New York Presses U.N. on Safety Issues
Saturday, August 11, 2007
UNITED NATIONS, Aug. 10 -- The administration of New York Mayor Michael R. Bloomberg has demanded that U.N. Secretary General Ban Ki Moon resolve hundreds of safety violations that are endangering the lives of thousands of U.N. employees and visitors at the United Nations' gleaming Manhattan headquarters.
The New York City commissioner for the United Nations, Marjorie B. Tiven, wrote Ban in a July 30 letter that the 39-story building, which plays host to international diplomats and world leaders, is a firetrap. Tiven -- who is Bloomberg's sister -- insisted that the United Nations begin installing the basic safety features required in all of the city's buildings by Sept. 24, including an automatic sprinkler system, smoke alarms and a notification system that alerts the fire department when a fire starts.

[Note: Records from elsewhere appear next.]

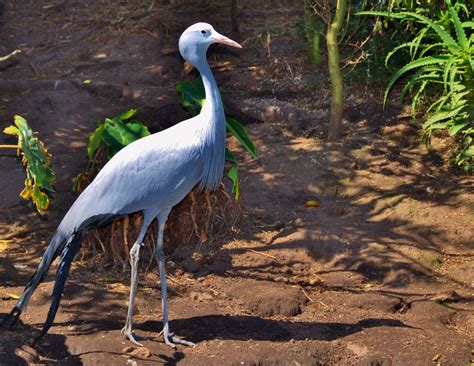 Blue Crane South Africas National Bird Also Known As The Flickr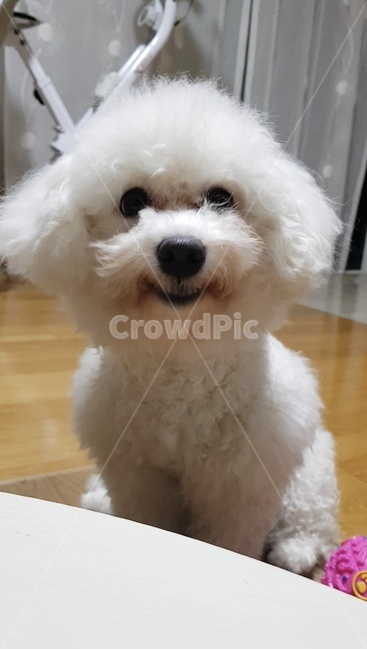 강아지,dog,puppy,비숑,bichon,웃는강아지,smile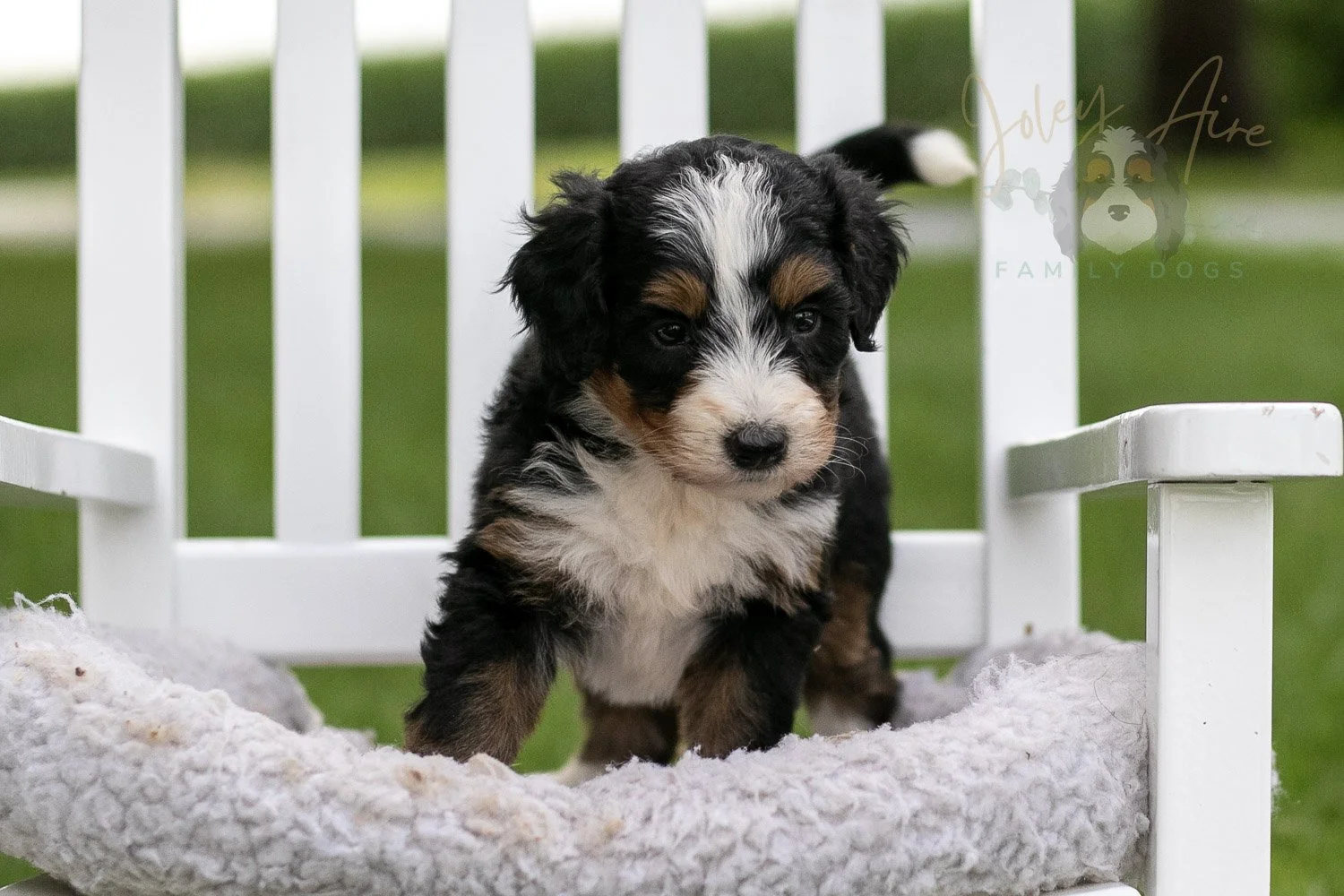 Diana Barry Bernedoodle Puppy-931.jpg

"The city cannot allow this situation to continue," wrote Tiven, who hinted that the city might halt U.N. tours. "You are putting at risk the lives of the people who work and visit the United Nations, as well as the public safety personnel who would respond to an emergency. We implore you to act now."
The dispute marks the latest in a history of tension between the United Nations and New York City, which have clashed over a wide range of issues including U.N. policy on Israel and unpaid parking tickets. But Bloomberg, who paid a visit to Ban in April, has supported the United Nations, sending his sister to the state capital to battle GOP lawmakers who have pressed the United Nations to leave New York.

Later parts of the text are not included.